■ Problem details ■
Leave out the pictures and retype, exactly, the lines below from the line with "Maps for Minecraft PE screenshot" up to and including the line with "Photovoltaik hochreiner <span", nothing more.

■ Input data ■

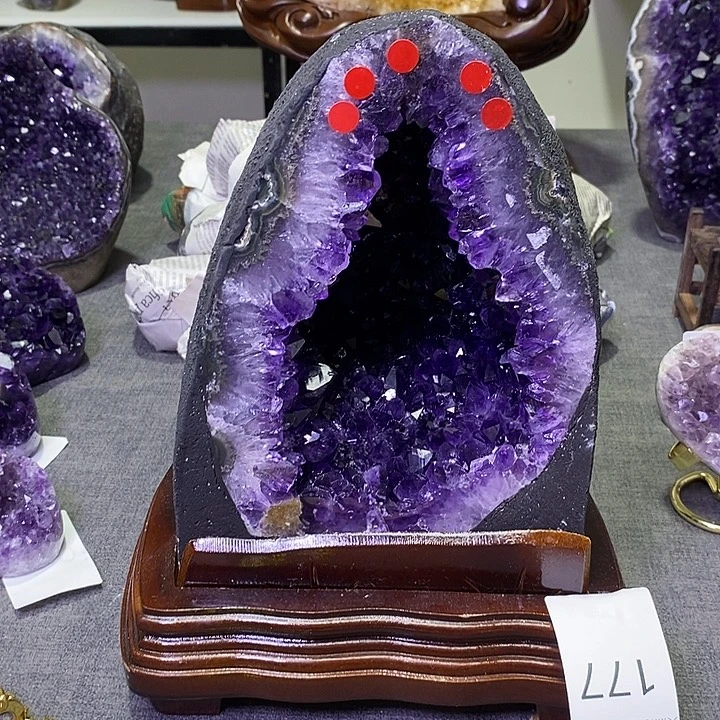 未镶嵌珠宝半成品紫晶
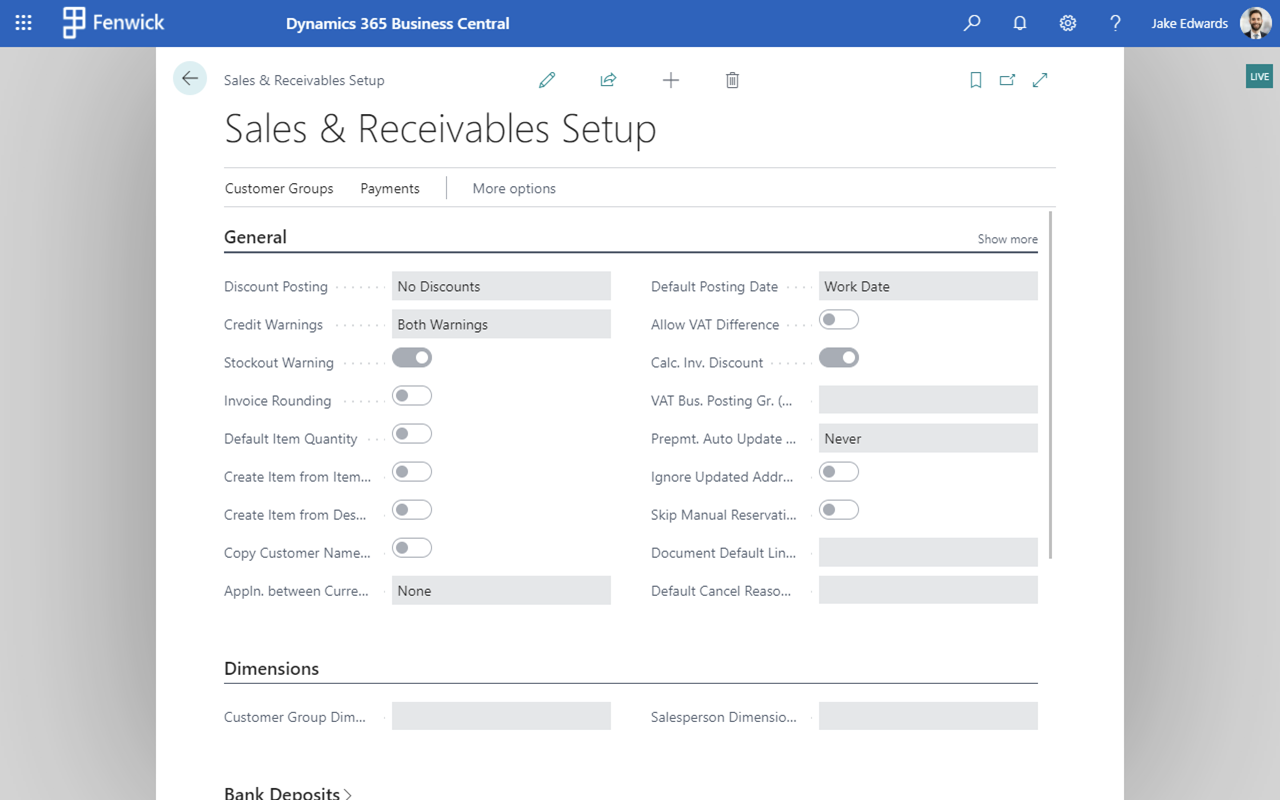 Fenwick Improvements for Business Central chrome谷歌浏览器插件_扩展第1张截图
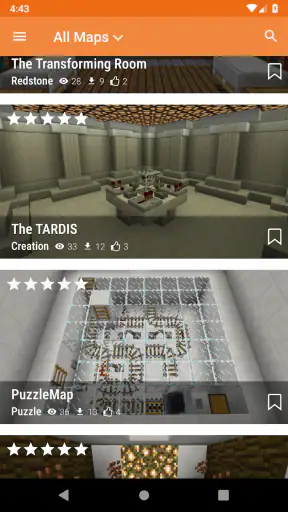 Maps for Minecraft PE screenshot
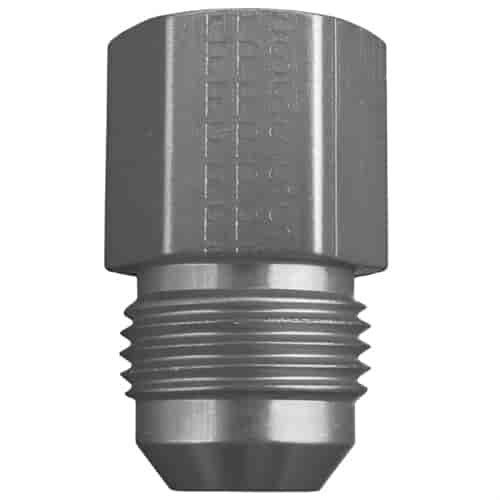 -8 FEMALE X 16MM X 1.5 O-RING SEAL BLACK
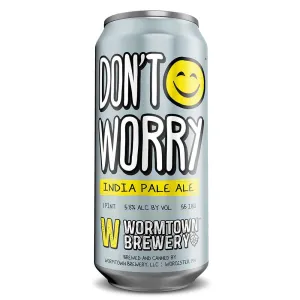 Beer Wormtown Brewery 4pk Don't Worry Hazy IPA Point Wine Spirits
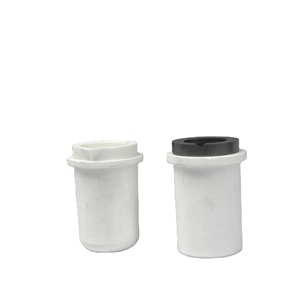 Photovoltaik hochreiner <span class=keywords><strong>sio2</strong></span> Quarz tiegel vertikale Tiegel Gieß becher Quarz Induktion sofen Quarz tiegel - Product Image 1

--

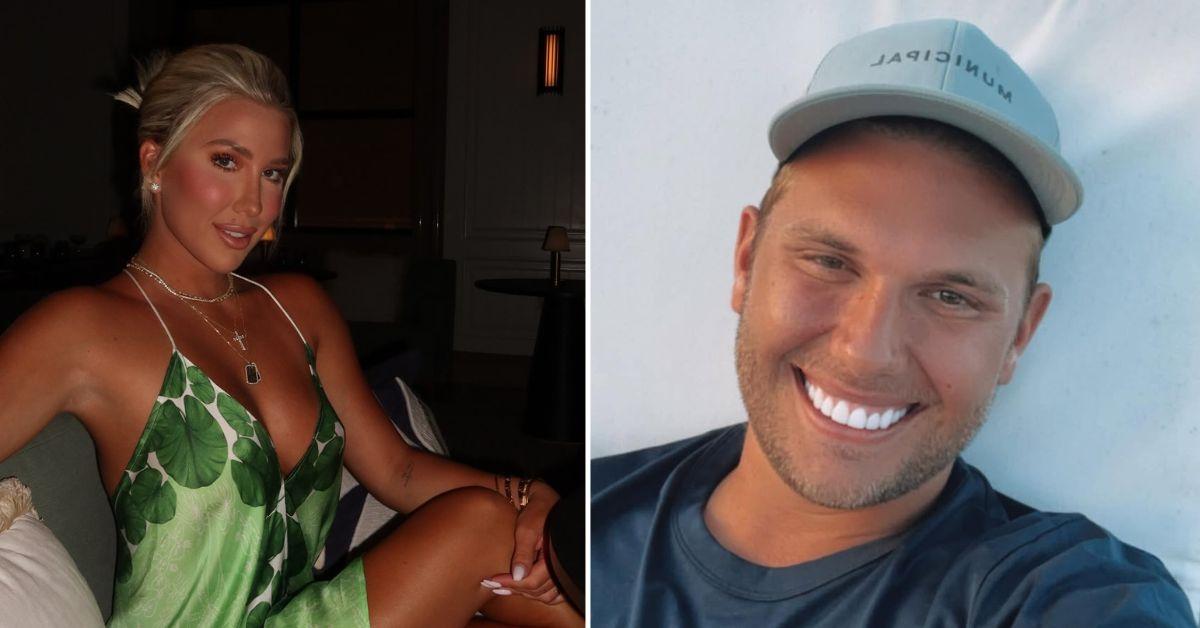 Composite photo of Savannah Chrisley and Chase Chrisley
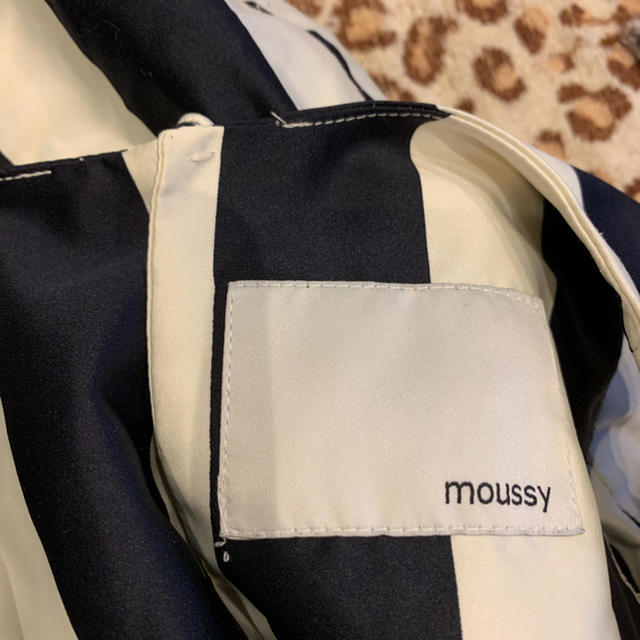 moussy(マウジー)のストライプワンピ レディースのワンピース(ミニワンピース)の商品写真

---

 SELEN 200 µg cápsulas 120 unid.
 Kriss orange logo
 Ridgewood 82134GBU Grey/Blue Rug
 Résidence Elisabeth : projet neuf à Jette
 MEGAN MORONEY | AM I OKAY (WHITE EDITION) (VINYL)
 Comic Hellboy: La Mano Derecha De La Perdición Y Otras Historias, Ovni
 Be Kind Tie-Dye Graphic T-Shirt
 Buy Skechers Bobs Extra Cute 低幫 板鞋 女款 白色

■ Answer box ■
 Maps for Minecraft PE screenshot
 -8 FEMALE X 16MM X 1.5 O-RING SEAL BLACK
 Beer Wormtown Brewery 4pk Don't Worry Hazy IPA Point Wine Spirits
 Photovoltaik hochreiner <span class=keywords><strong>sio2</strong></span> Quarz tiegel vertikale Tiegel Gieß becher Quarz Induktion sofen Quarz tiegel - Product Image 1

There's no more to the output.